Das gilt auch für den Turion 64 X2: Das Asus A6T und das MSI Megabook S271 liegen bei gleichem Arbeitstakt über 30 Prozent beziehungsweise über 20 Prozent vor Notebooks mit einem Turion 64. Selbst das schnellste Turion-64-Notebook, das wir bisher getestet haben, das HP Pavilion DV5189 (Turion 64 ML-40, 2,2 GHz) kommt mit 149 Punkten im Sysmark 2004SE nicht am MSI Megabook S271 mit einem Turion 64 X2 TL-50 (1,06 GHz) vorbei.

Im Duell mit dem Doppelkerner von Intel ziehen die AMD-Notebooks knapp den Kürzeren: Das Asus A6T ist zwar genauso schnell wie das Dell Inspiron 9400 mit Core Duo T2300 – doch das Dell-Notebook besitzt nur halb soviel Arbeitsspeicher. Bei gleichen Bedingungen – nämlich 1 GB RAM – sind die Centrino-Duo-Notebooks mit dem T2300 um zehn bis 20 Prozent schneller. Noch höher fällt der Rückstand bei Anwendungen auf, die besonders vom größeren L2-Cache des Core Duo profitieren wie Adobe Premiere oder Photoshop.

Notebook

Prozessor / Arbeitsspeicher

Punkte Sysmark 2004SE

Asus A6T

Turion 64 X2 TL-52 / 1 GB

165

Asus A6Ja

Core Duo T2300 / 1 GB

189

MSI Megabook S271

Turion 64 X2 TL-50 / 1 GB

154

Dell Inspiron 9400

Core Duo T2300 / 512 MB

165

Akkulaufzeit

Der Prozessor trägt nur einen Bruchteil zum Stromverbrauch eines Notebooks bei – rund zehn bis 15 Prozent.
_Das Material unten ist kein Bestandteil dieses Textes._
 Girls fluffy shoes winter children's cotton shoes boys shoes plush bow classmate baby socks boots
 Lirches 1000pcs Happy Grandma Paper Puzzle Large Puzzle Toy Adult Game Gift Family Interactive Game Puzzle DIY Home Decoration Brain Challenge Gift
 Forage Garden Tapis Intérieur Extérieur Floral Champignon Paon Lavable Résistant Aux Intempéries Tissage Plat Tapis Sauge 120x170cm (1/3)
Andere Stromfresser wie Display, Chipsatz, Grafikkarte und Festplatte spielen eine ähnlich wichtige oder noch größere Rolle.
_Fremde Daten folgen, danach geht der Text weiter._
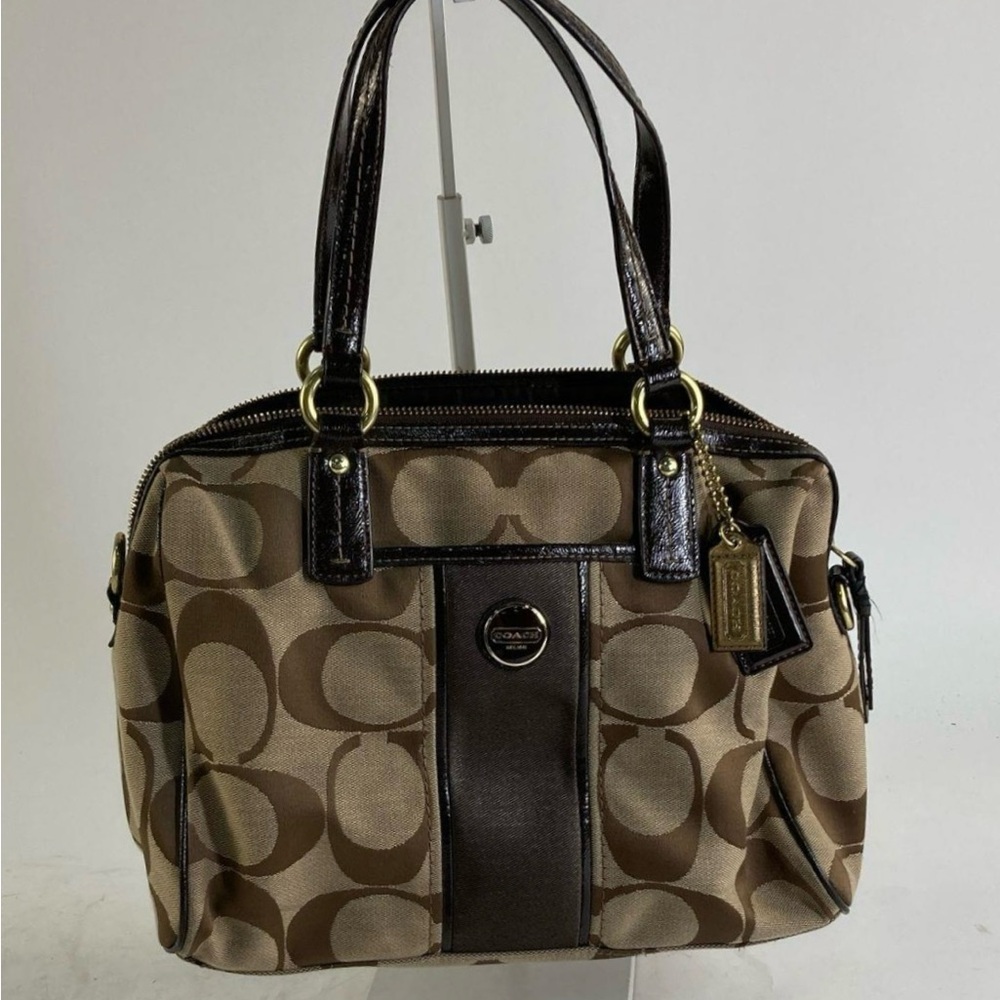 Coach Signature Tan & Mahogany Shoulder Bag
Das Asus A6T erreichte im Akkutest eine Laufzeit von 2:46 Stunden. Der Gesamtverbrauch des Notebooks lag bei rund 26 Watt. Der direkte Centrino-Konkurrent Asus A6Ja schnitt deutlich schlechter ab: 2:16 Stunden Laufzeit, 31 Watt Verbrauch. Allerdings macht das A6Ja im Akkutest eine extrem schlechte Figur: Normalerweise verbrauchen Centrino-Duo-Notebooks mit der Grafikkarte Nvidia Geforce Go 7600, die im A6T und im A6Ja steckt, zwischen 21 und 23 Watt.

Beim MSI Megabook fällt der Verbrauchstest deutlich zu Gunsten der Centrino-Duo-Variante aus: Das Modell S271 mit Turion 64 X2 lief 3:16 Stunden und verbrauchte 20 Watt. Die baugleiche Centrino-Variante Megabook S262 schaffte 4:02 Stunden bei einem Verbrauch von 15,8 Watt.

Auch die Messung des Betriebsgeräuschs belegt, dass sich der Turion 64 X2 im kleinen Gehäuse des Megabook weniger wohl fühlt als der Centrino Duo: Bereits im Leerlauf blies der Lüfter im AMD-Notebook deutlich hörbar - unter voller Last maßen wir störende 2,8 Sone.

Update!: Für einen Nachtest schickte uns MSI ein aktualisiertes Bios (Version 1.15 vom 20.6.2006). Damit lief der Lüfter im Megabook S271 deutlich leiser: Ohne Last maßen wir 0,6 Sone, unter voller Last maximal 1,4 Sone - damit lag er auf dem Niveau des Centrino-Duo-Modells.

Bei den Asus-Notebooks nervte der Lüfter unter voller Last mit 1,1 (Turion-Variante A6T) beziehungsweise 0,9 Sone (Centrino-Duo-Modell A6Ja) kaum. Im Turion-Modell springt er allerdings viel öfter an – auch wenn das Notebook nichts tut.

Fazit

Mit dem Turion 64 X2 rückt AMD näher an Intel heran. Bei gleicher Konfiguration sind Mobilrechner mit dem Doppelkerner von AMD zwar etwas langsamer als Centrino-Duo-Notebooks: Im Alltag fällt der Unterschied von zehn bis 15 Prozent aber kaum auf, außer wenn Sie überwiegend Programme verwenden, die vom großen L2-Cache des Core Duo profitieren.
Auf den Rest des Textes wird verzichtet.